Please copy the data exactly as it stands, minus the images.

-- MATERIAL PROVIDED --
════════════════
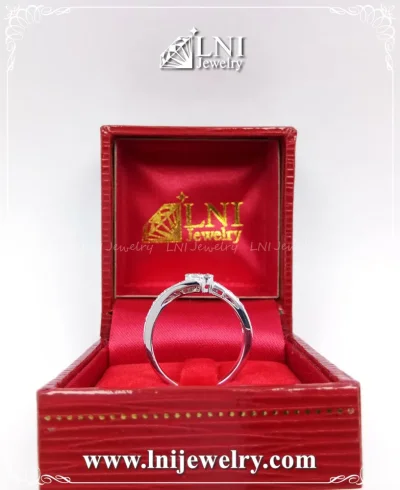 ND521 Halo Diamond Ring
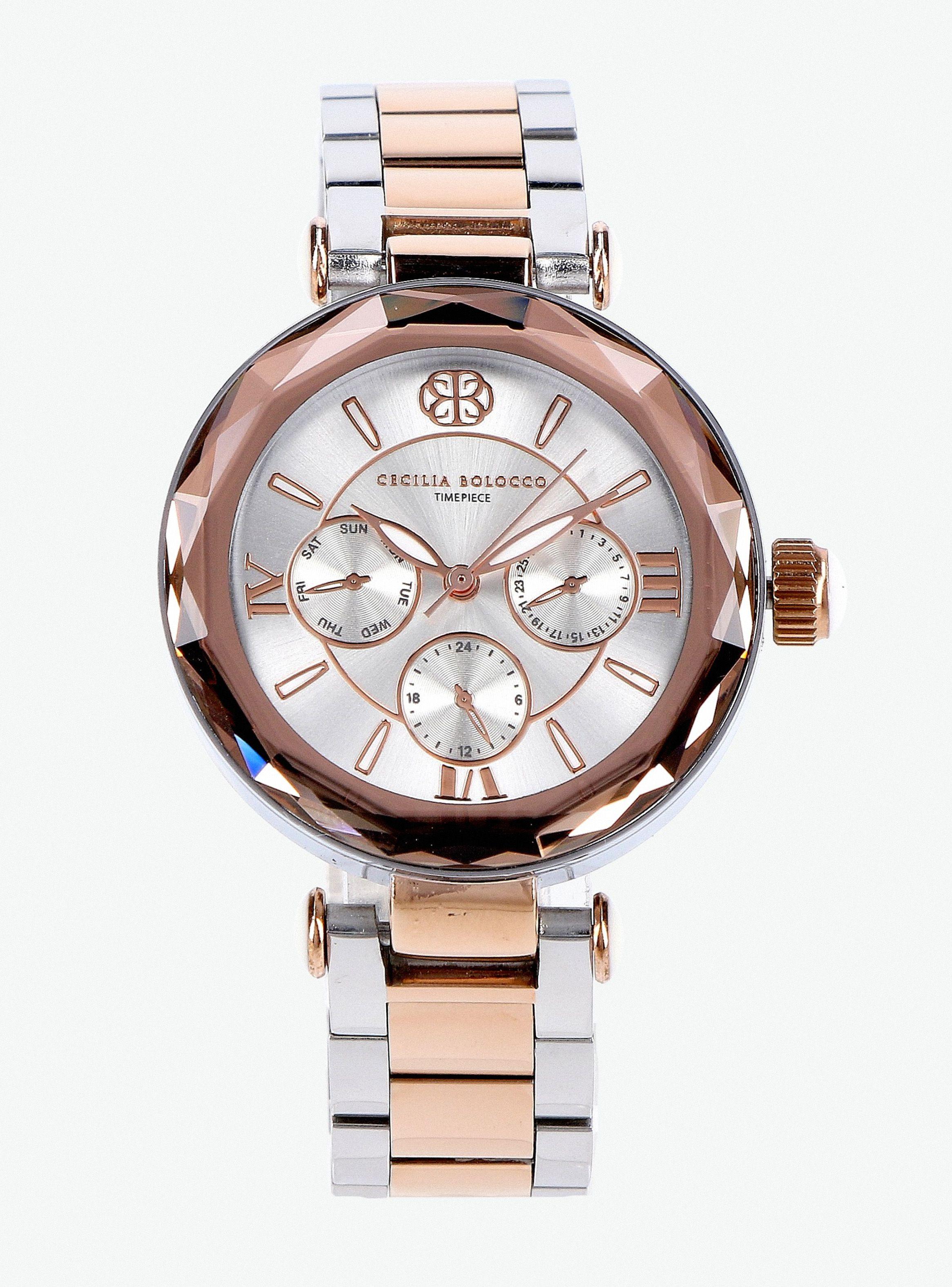 Reloj Metal Análogo Cb-0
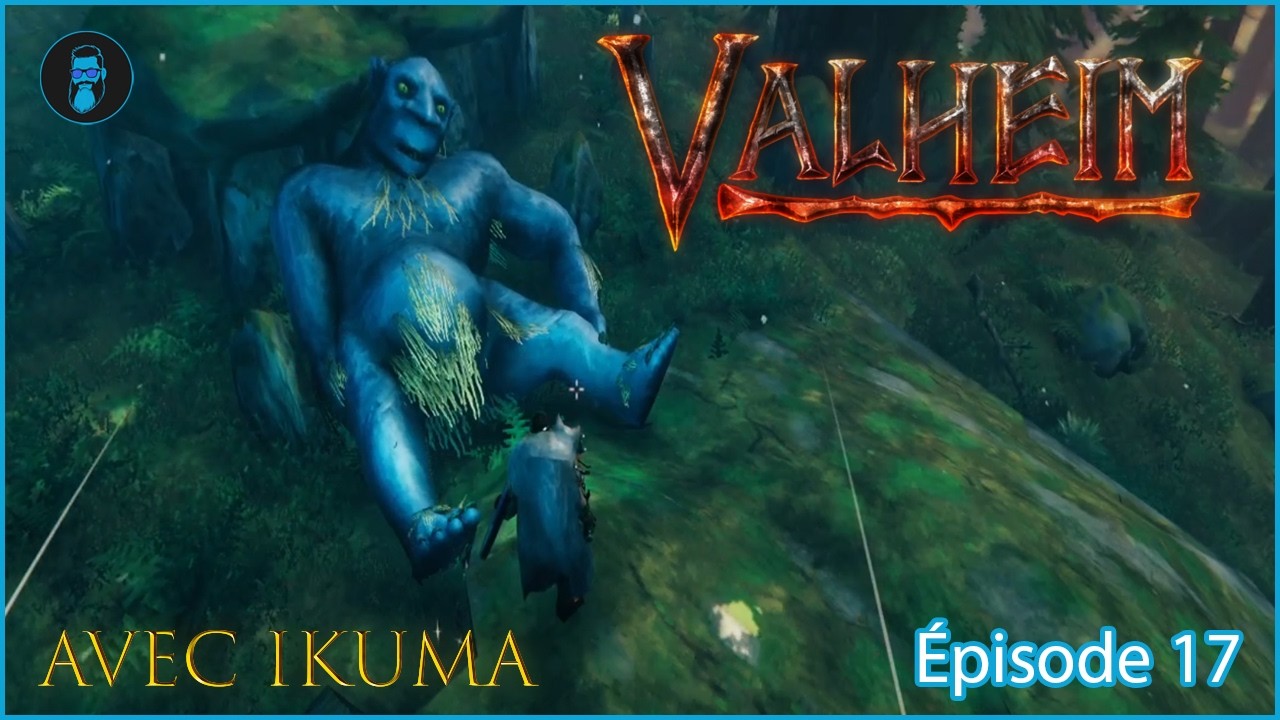 VOD - Lord Barbe Bleue et Ikuma | Valheim - 2021 [17/?] | Petite Session Tranquilou.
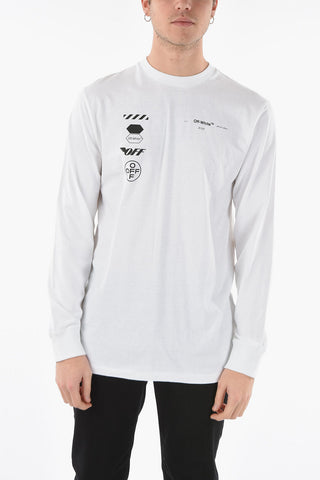 Long-sleeved Printed ARROWS T-Shirt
════════════════
-- ANSWER TO THIS EXERCISE --
 ND521 Halo Diamond Ring
 Reloj Metal Análogo Cb-0
 VOD - Lord Barbe Bleue et Ikuma | Valheim - 2021 [17/?] | Petite Session Tranquilou.
 Long-sleeved Printed ARROWS T-Shirt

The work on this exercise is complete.